A year ago today, we were eager to greet a new decade.

We could celebrate any way we wanted.

We could hop a train to New York, join hundreds of thousands of strangers in Times Square, watch a ball drop down the side of a building, and head back home.

We could enjoy a great meal at a restaurant, surrounded by other diners. We could eat, chat and linger, then head to another spot for a nightcap.

And the next day, if we wanted, we could go to an open house with friends and relatives. We could invite neighbors over, for a spontaneous drink. We could skate at Longshore, watch a movie in a theater, or head back to New York for a game at the Garden.

Of course, we might not have been in Westport at all. Perhaps we were skiing in Vermont, out West or Europe. Maybe we were in Florida visiting parents or grandparents. We might have been in the Caribbean, soaking up sun before everyone had to be back in the office or at school.

New Year’s Day 2019 drew hordes of humans and dogs to Compo Beach (Photo/Tom Cook)
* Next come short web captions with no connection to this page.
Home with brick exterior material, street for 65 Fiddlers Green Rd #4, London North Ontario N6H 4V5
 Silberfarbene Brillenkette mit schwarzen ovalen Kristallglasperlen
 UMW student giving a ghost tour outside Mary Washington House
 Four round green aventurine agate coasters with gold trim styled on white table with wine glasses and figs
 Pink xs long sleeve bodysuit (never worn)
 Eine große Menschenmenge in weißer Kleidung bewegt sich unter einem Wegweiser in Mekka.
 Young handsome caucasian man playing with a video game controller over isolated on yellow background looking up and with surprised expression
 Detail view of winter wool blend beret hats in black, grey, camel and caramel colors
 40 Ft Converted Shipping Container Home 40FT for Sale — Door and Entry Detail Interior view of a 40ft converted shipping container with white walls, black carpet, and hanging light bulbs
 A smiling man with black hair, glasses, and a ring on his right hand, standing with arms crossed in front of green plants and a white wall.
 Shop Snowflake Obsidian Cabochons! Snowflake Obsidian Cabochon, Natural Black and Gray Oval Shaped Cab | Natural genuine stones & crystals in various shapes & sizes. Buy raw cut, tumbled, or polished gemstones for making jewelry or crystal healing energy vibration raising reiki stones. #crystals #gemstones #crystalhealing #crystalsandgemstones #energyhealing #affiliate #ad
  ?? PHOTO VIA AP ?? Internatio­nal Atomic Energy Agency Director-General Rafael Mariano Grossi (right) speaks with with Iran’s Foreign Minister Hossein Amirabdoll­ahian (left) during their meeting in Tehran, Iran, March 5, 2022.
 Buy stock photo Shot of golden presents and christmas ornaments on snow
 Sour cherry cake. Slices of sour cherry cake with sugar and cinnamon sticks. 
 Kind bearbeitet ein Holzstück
On December 31, 2019 we had never heard of Dr. Anthony Fauci. Or Wuhan, China.

We knew the words “lockdown” and “quarantine,” but they meant nothing to us.

If we ran out of toilet paper, we bought it without thinking. Nor did we think about (or look at) the clerk at CVS or Walgreens who rang it up.

We did not think about a lot of other things, either. For instance, everything schools do, besides education. Or the importance of daily routines, like working out at the gym, chatting with other parents at our kids’ bus stop, or getting coffee wherever.

We certainly did not think of doing certain things, a year ago. A walk or bike ride with the entire family? A night of board games? Running errands for neighbors? Pfffttt — who had time for such things?

Sherwood Farms Lane celebrated July 4th with a bike parade. (Photo/Mark Rubino)

What a difference a year makes.

The past year — which seems like 50 centuries — has been brutal. And I’m not even talking about other names we hadn’t heard of a year ago, like George Floyd, Breonna Taylor and Ahmaud Arbery. Or about an election season that brought us to the brink of the end of democracy.

We’re still teetering there.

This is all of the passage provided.